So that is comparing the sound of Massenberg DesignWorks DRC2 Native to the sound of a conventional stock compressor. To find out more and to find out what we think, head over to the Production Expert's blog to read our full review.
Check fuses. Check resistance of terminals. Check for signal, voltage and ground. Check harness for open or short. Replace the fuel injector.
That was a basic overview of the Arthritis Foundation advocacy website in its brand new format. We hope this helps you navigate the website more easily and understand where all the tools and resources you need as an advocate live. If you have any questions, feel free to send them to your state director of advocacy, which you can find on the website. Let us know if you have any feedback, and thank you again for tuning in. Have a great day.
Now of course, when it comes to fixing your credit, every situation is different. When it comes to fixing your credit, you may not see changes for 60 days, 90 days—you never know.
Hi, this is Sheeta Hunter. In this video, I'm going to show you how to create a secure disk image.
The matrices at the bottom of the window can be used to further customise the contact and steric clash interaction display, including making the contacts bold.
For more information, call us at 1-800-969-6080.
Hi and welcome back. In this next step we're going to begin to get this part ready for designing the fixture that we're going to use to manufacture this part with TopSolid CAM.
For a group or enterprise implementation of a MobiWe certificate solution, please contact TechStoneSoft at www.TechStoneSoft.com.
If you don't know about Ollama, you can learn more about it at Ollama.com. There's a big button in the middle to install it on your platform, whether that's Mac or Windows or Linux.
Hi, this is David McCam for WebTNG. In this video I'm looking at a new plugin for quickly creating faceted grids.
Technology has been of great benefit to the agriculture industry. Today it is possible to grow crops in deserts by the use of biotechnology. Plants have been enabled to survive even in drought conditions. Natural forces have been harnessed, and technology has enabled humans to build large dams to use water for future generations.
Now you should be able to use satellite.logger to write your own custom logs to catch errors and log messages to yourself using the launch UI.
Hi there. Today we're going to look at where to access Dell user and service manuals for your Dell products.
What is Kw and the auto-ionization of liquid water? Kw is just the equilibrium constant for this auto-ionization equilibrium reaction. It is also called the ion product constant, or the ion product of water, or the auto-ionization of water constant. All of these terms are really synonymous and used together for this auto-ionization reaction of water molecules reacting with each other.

EXERCISE DESCRIPTION
Please return the lines above that run from the line containing "For a group" to the line containing "Hi there. Today", inclusive, exactly and with no other lines.

TASK SOLUTION
For a group or enterprise implementation of a MobiWe certificate solution, please contact TechStoneSoft at www.TechStoneSoft.com.
If you don't know about Ollama, you can learn more about it at Ollama.com. There's a big button in the middle to install it on your platform, whether that's Mac or Windows or Linux.
Hi, this is David McCam for WebTNG. In this video I'm looking at a new plugin for quickly creating faceted grids.
Technology has been of great benefit to the agriculture industry. Today it is possible to grow crops in deserts by the use of biotechnology. Plants have been enabled to survive even in drought conditions. Natural forces have been harnessed, and technology has enabled humans to build large dams to use water for future generations.
Now you should be able to use satellite.logger to write your own custom logs to catch errors and log messages to yourself using the launch UI.
Hi there. Today we're going to look at where to access Dell user and service manuals for your Dell products.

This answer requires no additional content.